LEBANON, N.H. -- They read like headlines in a secret code. "Dow drops 10 points." "Durable goods orders up 3 percent." "Index of Leading Economic Indicators drops .1 percent."

The figures may hold some meaning for economists, but they leave many people wondering, "What does this mean for me, my family, my friends, my neighbors?"

From the Northwest, to the Midwest, to the Southeast, people are devising new indicators to gauge more accurately the health of our economy, our culture, our environment.

About 150 people -- from baseball-cap-wearing teenage boys to gray-haired grandmothers -- spent a recent Saturday in a hotel conference room here doing just that. The day was devoted to thinking about the future. Entitled "Valley VitalSigns," the project is designed to create a list of quantifiable indicators to help the roughly 90,000 people of the upper Connecticut River valley understand how the region evolves.
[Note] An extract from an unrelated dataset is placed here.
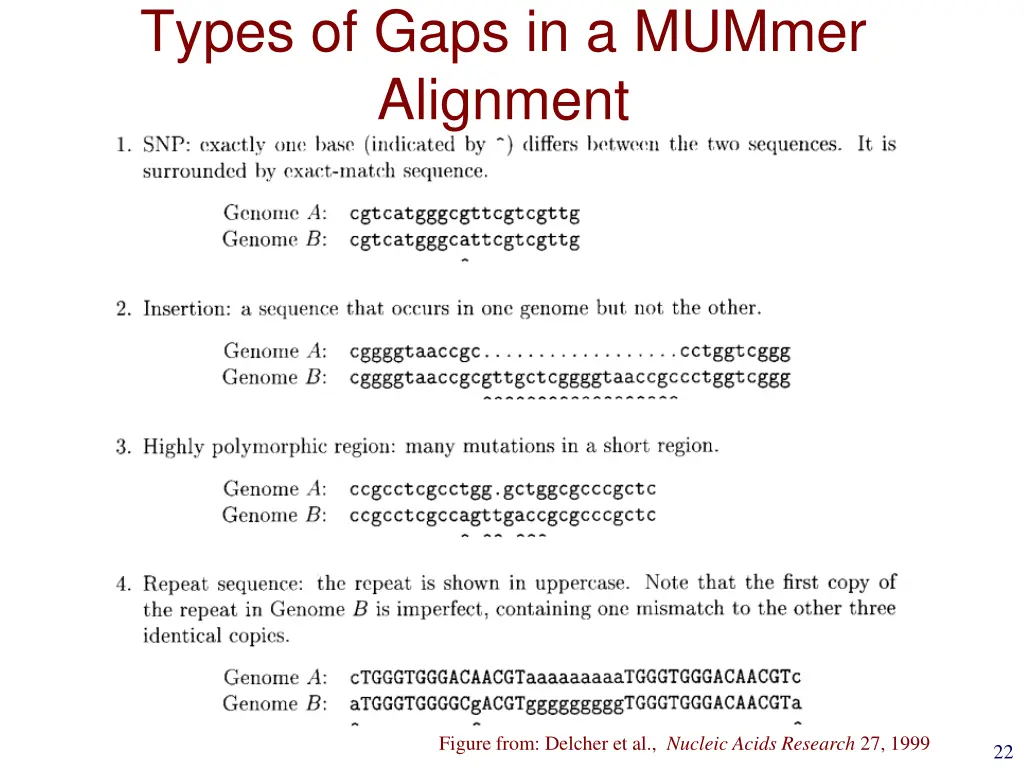 types of gaps in a mummer alignment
Known locally as the Upper Valley, the area consists of 37 communities in Vermont and New Hampshire. Once almost entirely rural, many Upper Valley hamlets now serve as bedroom communities for larger towns nearby.

With an eye towards charting the area's well-being -- including such intangible community characteristics as trust, commitment, and beauty --participants came up with an array of possible indicators, or VitalSigns, ranging from the practical to the fanciful. They included:

  • The number of working farms;
  • The percentage of businesses that are locally owned;
  • The quality of the water;
  • The percentage of people who volunteer;
  • The number of local children who grow up and settle here;
  • The distance from the center of each community to an unobstructed field of stars.

Information can lead to action, said VitalSigns Co-Chair Betty Porter of Norwich, Vt. "We, individually, have a gut feeling that things aren't going well, but we don't have information to support that feeling," Porter said. "If enough people care about the number of good-paying jobs or locally owned businesses, or clean air, they can mobilize now that they have the hard information."

Organizers hope organizations and local governments will use the VitalSigns to monitor regional trends and look for ramifications affecting them. Or they hope local leaders might create their own indicators to monitor other important local issues.

Valley VitalSigns is a project of the "The Upper Valley: 2001 & Beyond, an initiative started in 1993 by the area's League of Women Voters. League members were looking to follow up on a series of group discussions 15 years ago which led to concrete results, including a local transit system.

They decided to use indicators after being inspired by a newspaper editorial about a similar project in Seattle. There, the leading indicators now include the number of "good" air days each year (73 in 1980; 315 in 1994) and the number of hours the average worker must put in each month just to cover the bare essentials for a family of four (80 and holding steady).

After the brainstorming session produced a number of proposed indicators, participants at the New Hampshire gathering divided into 14 working groups to continue discussing the VitalSigns and add more to the list. The groups covered such topics as personal and public safety, agricultural and forestry, human services, transportation, citizen participation, and arts and culture.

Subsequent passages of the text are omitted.